ALAMEDA -- If the Raiders first-team offense were a transit system, there would be thousands of dissatisfied commuters.
The man responsible for making sure things run on time knows it has to be better.
"We need to be more consistent and stay on schedule," Raiders quarterback Matt Schaub said Monday. "You would think the most important down is third down, but it's really first down. You want to put yourself in a manageable situation. To have it second-and-medium or second-and-short really opens up the playbook."
Through two games, Schaub has been on the field for seven possessions that have resulted in five punts, a deflected interception and one touchdown. The Raiders have gained 144 yards, with Schaub completing 11 of 20 passes for 108 yards and a passer rating of 49.6.
With a fan base having seen shaky quarterback play for the better part of the last 10 years and Schaub coming in off his worst season, Raiders coach Dennis Allen has been fielding questions almost daily about the confidence of his quarterback.
"I seem to get that question a lot, but I'm confident with where we're at offensively," Allen said. "I know our group is confident with where we're at. I know Matt Schaub is confident with where he's at."

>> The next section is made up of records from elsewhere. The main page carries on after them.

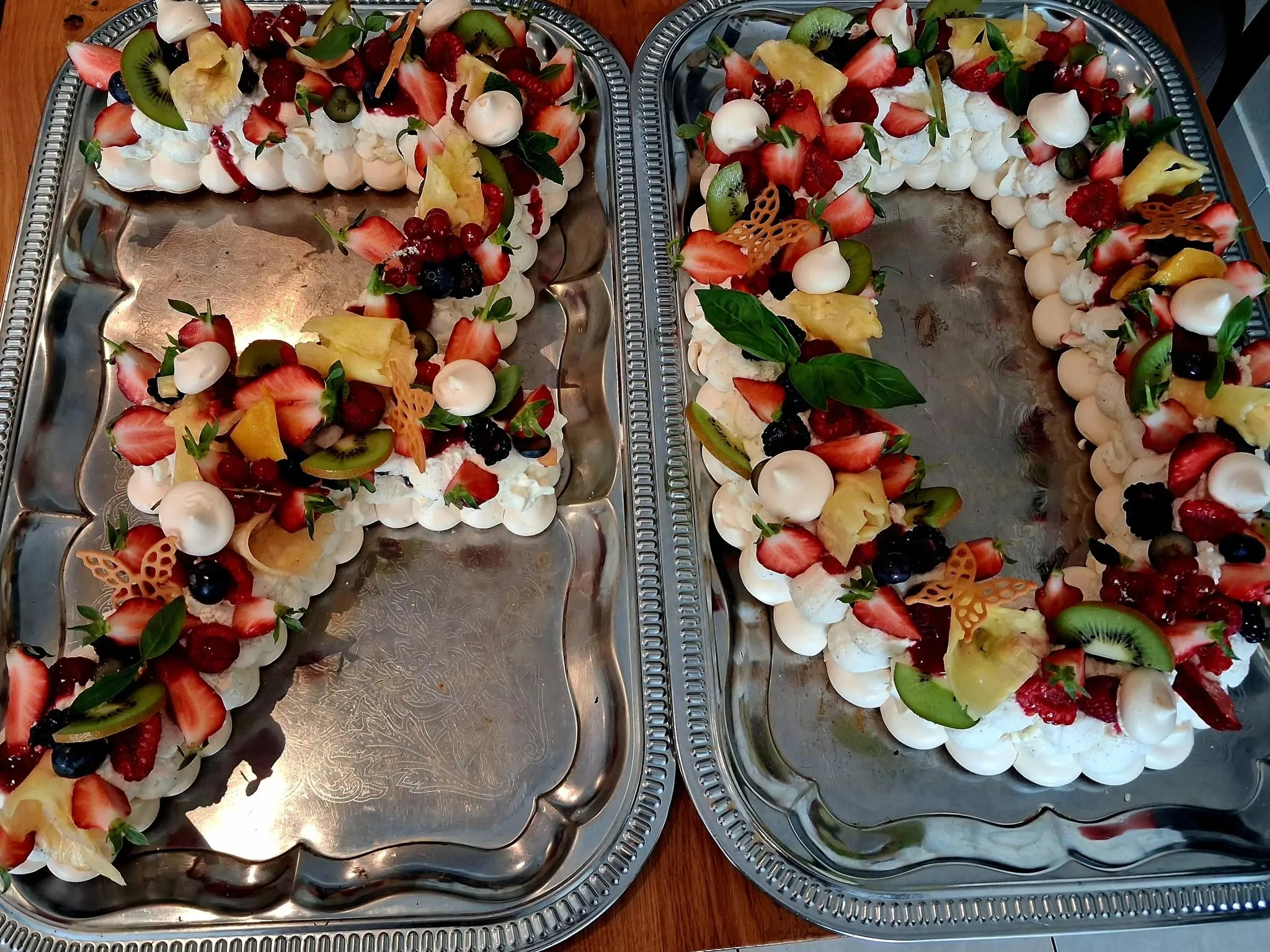 Deux desserts meringués garnis de crème et de fruits frais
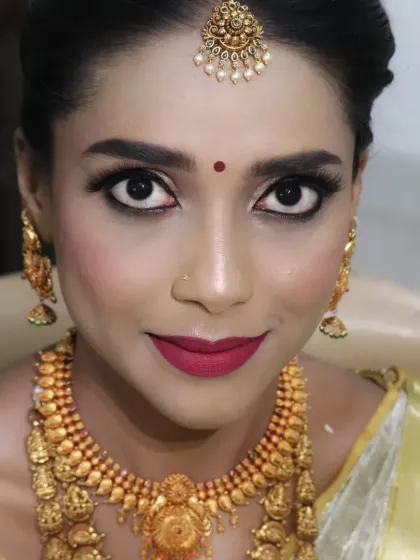 A happy and radiant South Indian bride. Her makeup features bold, defined eyes and a beautiful smile, showcasing the joy of her wedding day. The look is completed with traditional gold jewellery.
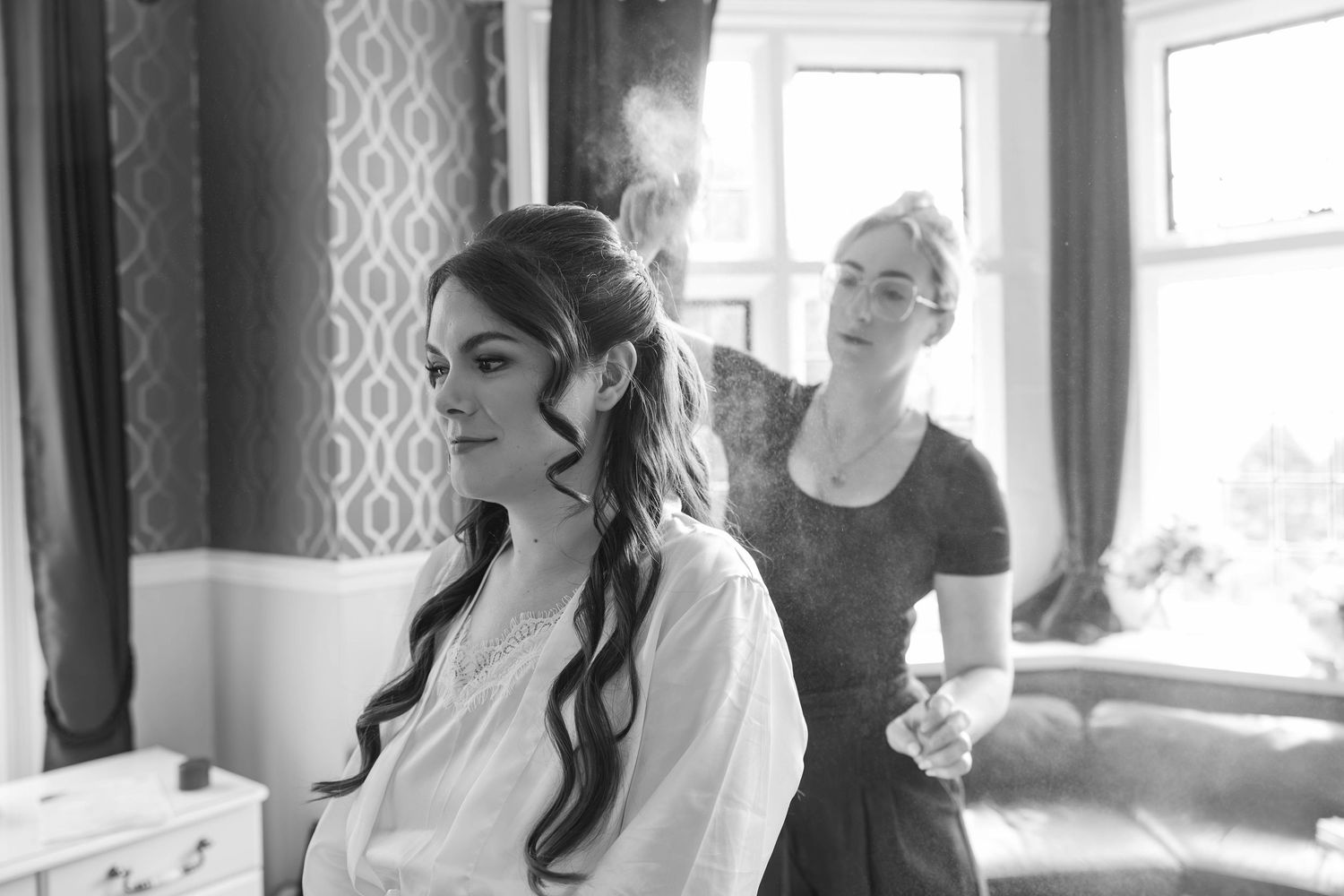Hair stylist applies finishing spray to brides elegant braided hairstyle in black and white bridal prep photo.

Schaub likely will play into the third quarter Friday night when the Raiders face the Green Bay Packers at Lambeau Field (5 p.m.), with the hope of generating some consistent offensive play and ease concerns that appear to be everywhere outside the Raiders' own building.
Backup quarterback Derek Carr was on the field on a limited basis but has not been cleared medically after a concussion, and Allen isn't sure if Carr will face Green Bay.
The opening possession of a 27-26 win over the Detroit Lions provided a glimpse into how a Schaub offense will operate, in theory.
There were no negative plays, with a reasonable third-and-6 converted with a 13-yard pass to James Jones and a third-and-2 converted with a short flip to Mychal Rivera that covered 18 yards.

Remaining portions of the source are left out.